(Records drawn from a dataset)

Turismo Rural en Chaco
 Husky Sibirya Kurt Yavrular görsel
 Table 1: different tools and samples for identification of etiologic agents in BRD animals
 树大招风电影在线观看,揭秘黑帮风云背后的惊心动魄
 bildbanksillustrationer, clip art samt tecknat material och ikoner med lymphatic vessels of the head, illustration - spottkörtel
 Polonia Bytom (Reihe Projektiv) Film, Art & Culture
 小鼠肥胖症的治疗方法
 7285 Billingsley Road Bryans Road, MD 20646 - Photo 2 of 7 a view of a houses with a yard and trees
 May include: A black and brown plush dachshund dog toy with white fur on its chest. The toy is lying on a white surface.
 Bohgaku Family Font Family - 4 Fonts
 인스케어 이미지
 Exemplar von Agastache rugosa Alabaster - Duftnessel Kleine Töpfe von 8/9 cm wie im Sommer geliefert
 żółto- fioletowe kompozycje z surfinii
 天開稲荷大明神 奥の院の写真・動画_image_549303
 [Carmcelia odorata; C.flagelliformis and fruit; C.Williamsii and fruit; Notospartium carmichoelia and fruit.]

__How to complete this task__
Output all the lines above, matching them word for word.

__Exercise response__
Turismo Rural en Chaco
 Husky Sibirya Kurt Yavrular görsel
 Table 1: different tools and samples for identification of etiologic agents in BRD animals
 树大招风电影在线观看,揭秘黑帮风云背后的惊心动魄
 bildbanksillustrationer, clip art samt tecknat material och ikoner med lymphatic vessels of the head, illustration - spottkörtel
 Polonia Bytom (Reihe Projektiv) Film, Art & Culture
 小鼠肥胖症的治疗方法
 7285 Billingsley Road Bryans Road, MD 20646 - Photo 2 of 7 a view of a houses with a yard and trees
 May include: A black and brown plush dachshund dog toy with white fur on its chest. The toy is lying on a white surface.
 Bohgaku Family Font Family - 4 Fonts
 인스케어 이미지
 Exemplar von Agastache rugosa Alabaster - Duftnessel Kleine Töpfe von 8/9 cm wie im Sommer geliefert
 żółto- fioletowe kompozycje z surfinii
 天開稲荷大明神 奥の院の写真・動画_image_549303
 [Carmcelia odorata; C.flagelliformis and fruit; C.Williamsii and fruit; Notospartium carmichoelia and fruit.]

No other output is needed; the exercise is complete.